The IRS filing deadline may be looming, but there’s still enough time to cash in on green tax breaks. Ask your accountant for help, or consult the Database of State Initiatives for Renewables and Efficiency (DSIRE), which provides comprehensive information on environmentally sustainable local, state, federal, and utility-based incentives and policies. Here we highlight a handful of federal initiatives that could help you green your wallet this tax season.
Renewable remodeling: Homeowners who have installed renewable energy heating and cooling systems, including geothermal heat pumps, small wind turbines, and/or solar energy systems, can claim 30 percent of the cost of a new renewable energy system, with no maximum limit. An added bonus: the Residential Energy Efficient Property Credit, which runs through 2016, applies to any home you own, not just your primary residence.
Other eco-friendly home improvements, including adding insulation and installing energy-efficient exterior windows, could qualify for the Residential Energy Property Credit , which also lasts until the end of 2016. Applying only to primary residences, the credit is worth 30 percent of the cost of all eligible modifications. Taxpayers can pocket a maximum tax credit of $1,500 for improvements placed in service in 2009 and 2010.
Electric vehicles: Going electric could also lower your taxes. The Plug-in Electric Drive Vehicle Credit, which stays intact through 2014, offers drivers of qualified electric vehicles $2,500 to $7,500 in credit, depending on the battery capacity. Search your vehicle by make, model, and year to check whether it qualifies at the U.S. Department of Energy’s Fuel Economy website.

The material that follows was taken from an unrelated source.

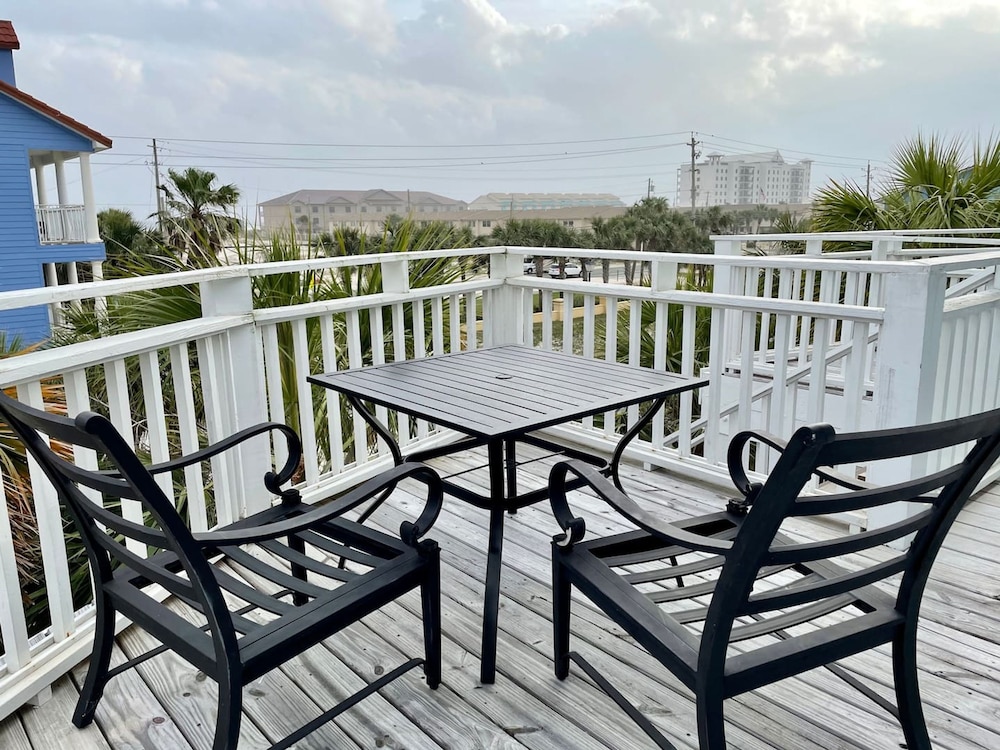 Days Like This -spacious Home Steps From the Beach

Meanwhile, the Plug-in Electric Vehicle Credit offers a tax credit worth 10 percent of the cost of certain low-speed electric vehicles and two- or three-wheeled vehicles purchased after February 17, 2009 and before January 1, 2012. Taxpayers can claim up to $2,500.

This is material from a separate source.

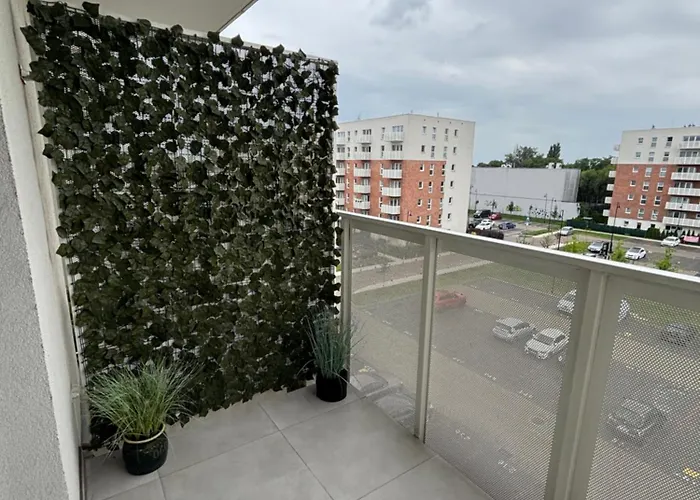 Urocza I Nowoczesna Kawalerka - W Poblizu Centrum Apartment *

Commuter tax benefits: Of course, driving an electric vehicle isn’t the only way to travel green. The fiscal cliff deal has raised the public transit commuter benefit for eligible employees whose companies participate in a benefit program from $125 to $240 a month, the same amount as the monthly pre-tax parking benefit. Two years ago, as part of the transit parity provision, employees could reserve up to $230 a month pretax salary for both transit costs and parking. But after the provision expired at the end of 2011, the parking limit rose to $240 a month, while the transit limit fell to $125 a month.
Taxpayer savings resulting from restoring the transit parity provision are significant. Imagine that you’re in the 40 percent combined federal and state tax bracket. Setting aside $240 a month instead of $125 a month in pre-tax transit benefits translates to $552 saved per year.

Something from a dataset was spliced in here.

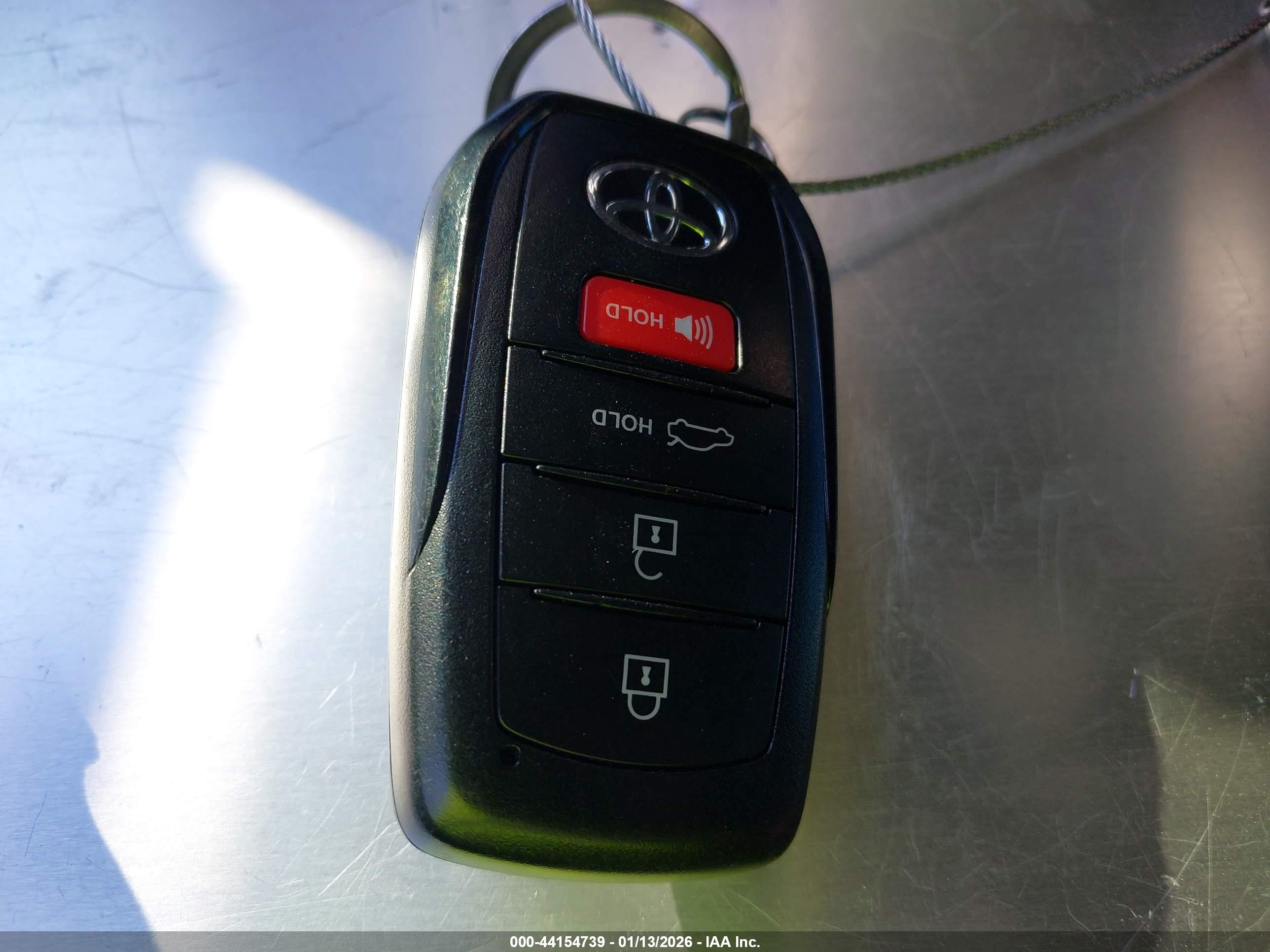 TOYOTA CAMRY image 11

Charitable donations: Most taxpayers already know that they can get a deduction from donating old clothes and furniture to their local thrift shop. But did you know that some e-waste recycling programs also count as tax-exempt organizations? Our increasing reliance on laptops, cell phones, and other electronics has resulted in a major e-waste problem. According to the U.S. Environmental Protection Agency, the U.S. alone generated 2.37 million tons of e-waste in 2009, only about 25 percent of which was collected for recycling.
Search the IRS’s exempt organizations database to check whether your local e-waste recycling facility qualifies as a 501(c)(3) organization, which would make your e-waste donations to them tax-deductible. Do your research to make sure that your old electronics go to an organization that will recycle them responsibly. Better yet, donate your items to an organization that will put them into reuse.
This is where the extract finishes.